The cost of investing in multisectoral preparedness against these threats can be outweighed by its socio-economic, health and political potential. Since most pathogens that have been used or considered for use as bioweapons are of animal origin (this includes zoonotic pathogens), the animal health and security community have an important role to play in the reduction of these threats. Together, Veterinary Services and Law Enforcement agencies can plan, prepare, and effectively prevent and respond to impactful animal disease outbreaks at national, regional, and international levels.  

This is why it is essential to strengthen emergency preparedness and response capacities by implementing good practices and enhanced cooperation between the two sectors such as joint threat assessments, contingency planning and a multi-sectoral surveillance system.  

The WOAH-FAO-INTERPOL joint project: a global initiative seeking to improve global security 

Each bringing decades of experience in their own field, the World Organisation for Animal Health (WOAH), the Food and Agriculture Organization of the United Nations (FAO), and the International Criminal Police Organization (INTERPOL) are partnering in an international project called ‘Building resilience against agro-crime and agro-terrorism’. 

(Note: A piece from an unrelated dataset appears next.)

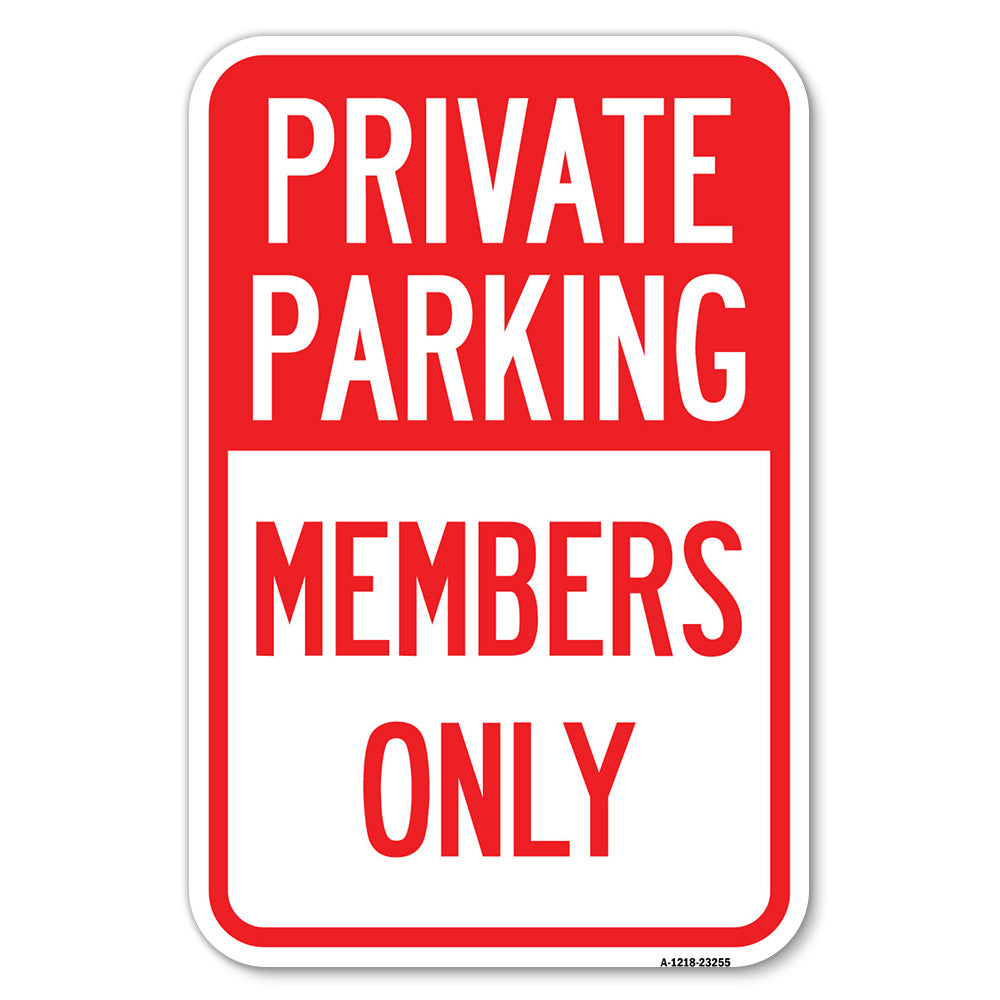 Private Parking, Members Only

Established in October 2018 with the support of the Weapons Threat Reduction Programme of Global Affairs Canada, under the Global Partnership against the Spread of Weapons and Materials of Mass Destruction, the project aims to build global resilience against animal health emergencies caused by agro-terrorism and agro-crime. It does so by creating pathways for greater collaboration and mutual understanding between the animal health and the security sectors through a dynamic, multisectoral and interdisciplinary approach.   

This initiative is assessing the status of the global emergency management landscape for agro-crime and agro-terrorism and developing multi-sectoral capacity building based on these findings.  

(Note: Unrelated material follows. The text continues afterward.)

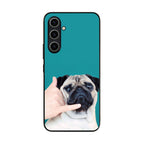 Pug is on the Phone Samsung Galaxy S23 FE Case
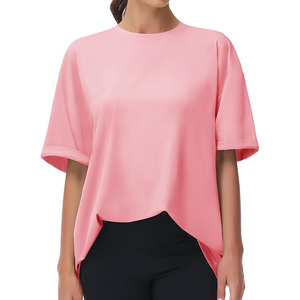 Washed Black Oversized T-Shirt Casual Style Solid Color Eco-Friendly 100% Cotton O-Neck Unisex Short Sleeve 220g All Seasons <b>Top</b> - Product Image 4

To raise awareness on the importance of multi-sectoral collaboration, a large international simulation exercise re-creating an agro-terrorism scenario in which Law Enforcement and Veterinary Services must cooperate will take place at the end of 2022. The project will culminate in a Global Conference on Emergency Management that will offer the opportunity to showcase its outcomes to a large audience.  

Seeing safeguarding animal health and welfare as a shared responsibility, the project partners hope to empower the international community to adopt an all-hazards approach to animal health emergencies including for agro-crime and agro-terrorism, promote the representation of Veterinary Services in high level forums including cross-government frameworks and facilitate a stronger international emergency management network capable of responding to all emergencies.  

The ‘Building resilience against agro-crime and agro-terrorism’ project works in synergy with another corporate WOAH initiative on sustainable laboratories which aims to support Members in improving biosafety and biosecurity in all laboratory settings.